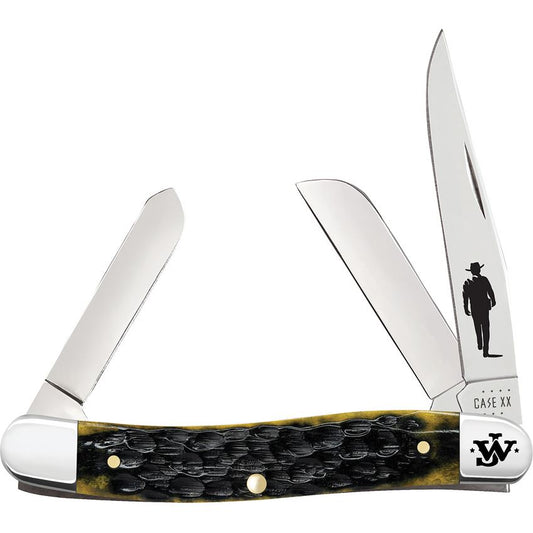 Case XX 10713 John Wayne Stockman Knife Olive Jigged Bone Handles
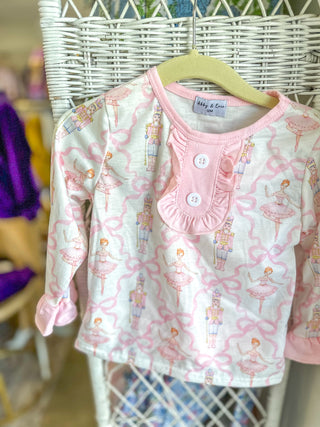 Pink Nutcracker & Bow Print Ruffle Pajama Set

========================

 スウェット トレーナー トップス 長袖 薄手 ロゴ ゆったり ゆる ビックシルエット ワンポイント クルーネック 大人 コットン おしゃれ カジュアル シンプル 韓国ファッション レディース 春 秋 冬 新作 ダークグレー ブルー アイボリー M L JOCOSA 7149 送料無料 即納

========================

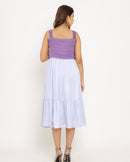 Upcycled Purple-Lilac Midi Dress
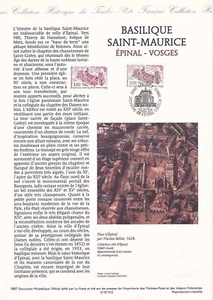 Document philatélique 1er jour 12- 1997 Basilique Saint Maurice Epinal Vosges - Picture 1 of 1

========================

◆ Brief ◆
Every line above in the stretch from the one with "Case XX 10713" through the one with "Pink Nutcracker &" is to be transcribed exactly, ends included. No picture is copied.

◆ Task response ◆
 Case XX 10713 John Wayne Stockman Knife Olive Jigged Bone Handles
 Pink Nutcracker & Bow Print Ruffle Pajama Set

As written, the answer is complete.